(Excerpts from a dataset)
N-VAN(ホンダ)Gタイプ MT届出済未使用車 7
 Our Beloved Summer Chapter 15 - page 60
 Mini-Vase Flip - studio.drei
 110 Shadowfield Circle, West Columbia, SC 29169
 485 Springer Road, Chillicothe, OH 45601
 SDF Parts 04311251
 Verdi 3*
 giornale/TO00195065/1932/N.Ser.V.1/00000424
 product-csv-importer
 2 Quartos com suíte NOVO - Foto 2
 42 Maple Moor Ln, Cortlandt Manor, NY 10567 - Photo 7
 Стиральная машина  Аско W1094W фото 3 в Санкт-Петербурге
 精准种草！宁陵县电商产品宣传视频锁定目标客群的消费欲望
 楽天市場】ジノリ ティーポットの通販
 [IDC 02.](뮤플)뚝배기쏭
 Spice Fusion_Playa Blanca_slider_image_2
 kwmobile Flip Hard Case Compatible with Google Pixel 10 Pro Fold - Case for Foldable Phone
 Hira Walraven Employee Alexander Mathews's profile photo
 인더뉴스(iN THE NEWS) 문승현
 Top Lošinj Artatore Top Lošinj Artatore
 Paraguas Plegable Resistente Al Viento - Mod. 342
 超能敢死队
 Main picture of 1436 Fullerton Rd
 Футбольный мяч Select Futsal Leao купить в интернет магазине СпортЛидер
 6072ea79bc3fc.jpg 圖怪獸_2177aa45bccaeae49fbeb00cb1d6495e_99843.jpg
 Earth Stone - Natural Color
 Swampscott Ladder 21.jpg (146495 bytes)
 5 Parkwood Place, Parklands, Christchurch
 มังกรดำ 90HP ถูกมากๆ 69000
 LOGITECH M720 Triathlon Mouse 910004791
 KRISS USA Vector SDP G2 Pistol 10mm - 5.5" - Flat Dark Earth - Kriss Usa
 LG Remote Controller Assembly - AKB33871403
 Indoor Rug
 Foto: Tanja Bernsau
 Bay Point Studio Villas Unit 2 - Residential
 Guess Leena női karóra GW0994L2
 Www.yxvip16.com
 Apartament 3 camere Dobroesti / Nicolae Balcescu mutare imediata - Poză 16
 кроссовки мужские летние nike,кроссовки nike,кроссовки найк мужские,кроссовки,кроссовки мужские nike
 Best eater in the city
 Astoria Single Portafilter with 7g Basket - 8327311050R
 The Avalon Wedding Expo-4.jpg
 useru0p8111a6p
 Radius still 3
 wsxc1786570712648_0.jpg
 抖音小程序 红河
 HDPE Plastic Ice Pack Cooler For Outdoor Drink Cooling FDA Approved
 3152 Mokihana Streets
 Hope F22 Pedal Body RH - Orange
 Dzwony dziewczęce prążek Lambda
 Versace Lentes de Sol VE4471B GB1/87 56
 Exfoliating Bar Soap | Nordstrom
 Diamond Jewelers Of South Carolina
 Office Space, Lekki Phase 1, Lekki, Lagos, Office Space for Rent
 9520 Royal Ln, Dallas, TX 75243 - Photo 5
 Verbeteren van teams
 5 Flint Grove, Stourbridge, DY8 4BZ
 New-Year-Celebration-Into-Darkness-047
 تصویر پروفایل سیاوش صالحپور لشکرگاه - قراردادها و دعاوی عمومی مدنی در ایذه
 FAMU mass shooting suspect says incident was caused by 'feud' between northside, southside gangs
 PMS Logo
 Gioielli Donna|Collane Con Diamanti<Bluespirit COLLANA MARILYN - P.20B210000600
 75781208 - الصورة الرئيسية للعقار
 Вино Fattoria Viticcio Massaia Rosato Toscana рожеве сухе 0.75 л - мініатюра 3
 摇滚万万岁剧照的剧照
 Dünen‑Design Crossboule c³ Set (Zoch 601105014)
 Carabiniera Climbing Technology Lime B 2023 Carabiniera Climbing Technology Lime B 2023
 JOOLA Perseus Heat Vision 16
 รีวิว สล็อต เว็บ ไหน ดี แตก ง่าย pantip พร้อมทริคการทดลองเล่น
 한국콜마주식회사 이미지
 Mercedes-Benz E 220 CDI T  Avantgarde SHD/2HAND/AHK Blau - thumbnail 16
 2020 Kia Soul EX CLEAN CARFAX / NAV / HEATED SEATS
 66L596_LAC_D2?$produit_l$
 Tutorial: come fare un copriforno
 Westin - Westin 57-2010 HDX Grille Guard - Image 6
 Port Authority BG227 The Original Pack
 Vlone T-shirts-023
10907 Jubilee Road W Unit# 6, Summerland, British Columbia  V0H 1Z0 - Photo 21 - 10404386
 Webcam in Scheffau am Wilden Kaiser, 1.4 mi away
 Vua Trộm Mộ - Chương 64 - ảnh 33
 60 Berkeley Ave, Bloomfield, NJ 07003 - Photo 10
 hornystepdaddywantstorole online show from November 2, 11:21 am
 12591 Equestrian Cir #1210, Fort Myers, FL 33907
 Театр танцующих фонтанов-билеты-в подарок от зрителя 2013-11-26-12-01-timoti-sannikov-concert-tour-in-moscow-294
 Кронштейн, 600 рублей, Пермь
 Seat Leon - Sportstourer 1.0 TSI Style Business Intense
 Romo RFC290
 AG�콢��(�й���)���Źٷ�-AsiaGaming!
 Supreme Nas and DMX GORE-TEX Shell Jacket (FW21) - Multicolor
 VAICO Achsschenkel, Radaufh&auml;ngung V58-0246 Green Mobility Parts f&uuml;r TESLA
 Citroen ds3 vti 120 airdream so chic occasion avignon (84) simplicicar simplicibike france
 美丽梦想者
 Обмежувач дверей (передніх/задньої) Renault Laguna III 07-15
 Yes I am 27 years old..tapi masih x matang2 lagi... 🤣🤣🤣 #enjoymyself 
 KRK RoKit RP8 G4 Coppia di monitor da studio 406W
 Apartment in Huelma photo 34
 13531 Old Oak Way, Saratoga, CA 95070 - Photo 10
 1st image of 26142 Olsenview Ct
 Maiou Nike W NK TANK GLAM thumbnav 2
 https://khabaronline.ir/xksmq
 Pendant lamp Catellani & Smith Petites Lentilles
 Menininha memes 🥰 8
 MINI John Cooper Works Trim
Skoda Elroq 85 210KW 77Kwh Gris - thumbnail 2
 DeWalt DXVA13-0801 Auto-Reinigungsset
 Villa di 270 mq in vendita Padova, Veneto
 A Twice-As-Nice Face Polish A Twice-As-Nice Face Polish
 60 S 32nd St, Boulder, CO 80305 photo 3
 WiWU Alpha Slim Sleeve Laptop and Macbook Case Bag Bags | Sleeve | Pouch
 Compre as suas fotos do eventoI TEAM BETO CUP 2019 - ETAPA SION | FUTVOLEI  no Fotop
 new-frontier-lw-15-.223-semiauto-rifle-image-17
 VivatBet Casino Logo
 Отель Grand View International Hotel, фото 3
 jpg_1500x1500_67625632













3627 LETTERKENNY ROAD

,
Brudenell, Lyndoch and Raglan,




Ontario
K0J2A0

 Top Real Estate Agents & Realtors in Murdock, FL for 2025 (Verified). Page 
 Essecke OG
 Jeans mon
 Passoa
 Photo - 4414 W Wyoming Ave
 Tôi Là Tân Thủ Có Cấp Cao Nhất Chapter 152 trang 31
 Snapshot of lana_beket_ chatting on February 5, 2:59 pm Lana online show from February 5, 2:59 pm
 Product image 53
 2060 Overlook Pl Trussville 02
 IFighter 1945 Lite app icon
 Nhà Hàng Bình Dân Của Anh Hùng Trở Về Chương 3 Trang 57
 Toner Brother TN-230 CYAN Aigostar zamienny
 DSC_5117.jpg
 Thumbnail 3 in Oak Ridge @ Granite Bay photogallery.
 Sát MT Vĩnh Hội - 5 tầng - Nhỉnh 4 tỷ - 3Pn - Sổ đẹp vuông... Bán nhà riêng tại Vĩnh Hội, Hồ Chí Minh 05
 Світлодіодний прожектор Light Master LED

▸ **THE PROBLEM**
Each record needs to be copied out again, letter for letter.

▸ **RESULT OF THIS TASK**
N-VAN(ホンダ)Gタイプ MT届出済未使用車 7
 Our Beloved Summer Chapter 15 - page 60
 Mini-Vase Flip - studio.drei
 110 Shadowfield Circle, West Columbia, SC 29169
 485 Springer Road, Chillicothe, OH 45601
 SDF Parts 04311251
 Verdi 3*
 giornale/TO00195065/1932/N.Ser.V.1/00000424
 product-csv-importer
 2 Quartos com suíte NOVO - Foto 2
 42 Maple Moor Ln, Cortlandt Manor, NY 10567 - Photo 7
 Стиральная машина  Аско W1094W фото 3 в Санкт-Петербурге
 精准种草！宁陵县电商产品宣传视频锁定目标客群的消费欲望
 楽天市場】ジノリ ティーポットの通販
 [IDC 02.](뮤플)뚝배기쏭
 Spice Fusion_Playa Blanca_slider_image_2
 kwmobile Flip Hard Case Compatible with Google Pixel 10 Pro Fold - Case for Foldable Phone
 Hira Walraven Employee Alexander Mathews's profile photo
 인더뉴스(iN THE NEWS) 문승현
 Top Lošinj Artatore Top Lošinj Artatore
 Paraguas Plegable Resistente Al Viento - Mod. 342
 超能敢死队
 Main picture of 1436 Fullerton Rd
 Футбольный мяч Select Futsal Leao купить в интернет магазине СпортЛидер
 6072ea79bc3fc.jpg 圖怪獸_2177aa45bccaeae49fbeb00cb1d6495e_99843.jpg
 Earth Stone - Natural Color
 Swampscott Ladder 21.jpg (146495 bytes)
 5 Parkwood Place, Parklands, Christchurch
 มังกรดำ 90HP ถูกมากๆ 69000
 LOGITECH M720 Triathlon Mouse 910004791
 KRISS USA Vector SDP G2 Pistol 10mm - 5.5" - Flat Dark Earth - Kriss Usa
 LG Remote Controller Assembly - AKB33871403
 Indoor Rug
 Foto: Tanja Bernsau
 Bay Point Studio Villas Unit 2 - Residential
 Guess Leena női karóra GW0994L2
 Www.yxvip16.com
 Apartament 3 camere Dobroesti / Nicolae Balcescu mutare imediata - Poză 16
 кроссовки мужские летние nike,кроссовки nike,кроссовки найк мужские,кроссовки,кроссовки мужские nike
 Best eater in the city
 Astoria Single Portafilter with 7g Basket - 8327311050R
 The Avalon Wedding Expo-4.jpg
 useru0p8111a6p
 Radius still 3
 wsxc1786570712648_0.jpg
 抖音小程序 红河
 HDPE Plastic Ice Pack Cooler For Outdoor Drink Cooling FDA Approved
 3152 Mokihana Streets
 Hope F22 Pedal Body RH - Orange
 Dzwony dziewczęce prążek Lambda
 Versace Lentes de Sol VE4471B GB1/87 56
 Exfoliating Bar Soap | Nordstrom
 Diamond Jewelers Of South Carolina
 Office Space, Lekki Phase 1, Lekki, Lagos, Office Space for Rent
 9520 Royal Ln, Dallas, TX 75243 - Photo 5
 Verbeteren van teams
 5 Flint Grove, Stourbridge, DY8 4BZ
 New-Year-Celebration-Into-Darkness-047
 تصویر پروفایل سیاوش صالحپور لشکرگاه - قراردادها و دعاوی عمومی مدنی در ایذه
 FAMU mass shooting suspect says incident was caused by 'feud' between northside, southside gangs
 PMS Logo
 Gioielli Donna|Collane Con Diamanti<Bluespirit COLLANA MARILYN - P.20B210000600
 75781208 - الصورة الرئيسية للعقار
 Вино Fattoria Viticcio Massaia Rosato Toscana рожеве сухе 0.75 л - мініатюра 3
 摇滚万万岁剧照的剧照
 Dünen‑Design Crossboule c³ Set (Zoch 601105014)
 Carabiniera Climbing Technology Lime B 2023 Carabiniera Climbing Technology Lime B 2023
 JOOLA Perseus Heat Vision 16
 รีวิว สล็อต เว็บ ไหน ดี แตก ง่าย pantip พร้อมทริคการทดลองเล่น
 한국콜마주식회사 이미지
 Mercedes-Benz E 220 CDI T  Avantgarde SHD/2HAND/AHK Blau - thumbnail 16
 2020 Kia Soul EX CLEAN CARFAX / NAV / HEATED SEATS
 66L596_LAC_D2?$produit_l$
 Tutorial: come fare un copriforno
 Westin - Westin 57-2010 HDX Grille Guard - Image 6
 Port Authority BG227 The Original Pack
 Vlone T-shirts-023
10907 Jubilee Road W Unit# 6, Summerland, British Columbia  V0H 1Z0 - Photo 21 - 10404386
 Webcam in Scheffau am Wilden Kaiser, 1.4 mi away
 Vua Trộm Mộ - Chương 64 - ảnh 33
 60 Berkeley Ave, Bloomfield, NJ 07003 - Photo 10
 hornystepdaddywantstorole online show from November 2, 11:21 am
 12591 Equestrian Cir #1210, Fort Myers, FL 33907
 Театр танцующих фонтанов-билеты-в подарок от зрителя 2013-11-26-12-01-timoti-sannikov-concert-tour-in-moscow-294
 Кронштейн, 600 рублей, Пермь
 Seat Leon - Sportstourer 1.0 TSI Style Business Intense
 Romo RFC290
 AG�콢��(�й���)���Źٷ�-AsiaGaming!
 Supreme Nas and DMX GORE-TEX Shell Jacket (FW21) - Multicolor
 VAICO Achsschenkel, Radaufh&auml;ngung V58-0246 Green Mobility Parts f&uuml;r TESLA
 Citroen ds3 vti 120 airdream so chic occasion avignon (84) simplicicar simplicibike france
 美丽梦想者
 Обмежувач дверей (передніх/задньої) Renault Laguna III 07-15
 Yes I am 27 years old..tapi masih x matang2 lagi... 🤣🤣🤣 #enjoymyself 
 KRK RoKit RP8 G4 Coppia di monitor da studio 406W
 Apartment in Huelma photo 34
 13531 Old Oak Way, Saratoga, CA 95070 - Photo 10
 1st image of 26142 Olsenview Ct
 Maiou Nike W NK TANK GLAM thumbnav 2
 https://khabaronline.ir/xksmq
 Pendant lamp Catellani & Smith Petites Lentilles
 Menininha memes 🥰 8
 MINI John Cooper Works Trim
Skoda Elroq 85 210KW 77Kwh Gris - thumbnail 2
 DeWalt DXVA13-0801 Auto-Reinigungsset
 Villa di 270 mq in vendita Padova, Veneto
 A Twice-As-Nice Face Polish A Twice-As-Nice Face Polish
 60 S 32nd St, Boulder, CO 80305 photo 3
 WiWU Alpha Slim Sleeve Laptop and Macbook Case Bag Bags | Sleeve | Pouch
 Compre as suas fotos do eventoI TEAM BETO CUP 2019 - ETAPA SION | FUTVOLEI  no Fotop
 new-frontier-lw-15-.223-semiauto-rifle-image-17
 VivatBet Casino Logo
 Отель Grand View International Hotel, фото 3
 jpg_1500x1500_67625632













3627 LETTERKENNY ROAD

,
Brudenell, Lyndoch and Raglan,




Ontario
K0J2A0

 Top Real Estate Agents & Realtors in Murdock, FL for 2025 (Verified). Page 
 Essecke OG
 Jeans mon
 Passoa
 Photo - 4414 W Wyoming Ave
 Tôi Là Tân Thủ Có Cấp Cao Nhất Chapter 152 trang 31
 Snapshot of lana_beket_ chatting on February 5, 2:59 pm Lana online show from February 5, 2:59 pm
 Product image 53
 2060 Overlook Pl Trussville 02
 IFighter 1945 Lite app icon
 Nhà Hàng Bình Dân Của Anh Hùng Trở Về Chương 3 Trang 57
 Toner Brother TN-230 CYAN Aigostar zamienny
 DSC_5117.jpg
 Thumbnail 3 in Oak Ridge @ Granite Bay photogallery.
 Sát MT Vĩnh Hội - 5 tầng - Nhỉnh 4 tỷ - 3Pn - Sổ đẹp vuông... Bán nhà riêng tại Vĩnh Hội, Hồ Chí Minh 05
 Світлодіодний прожектор Light Master LED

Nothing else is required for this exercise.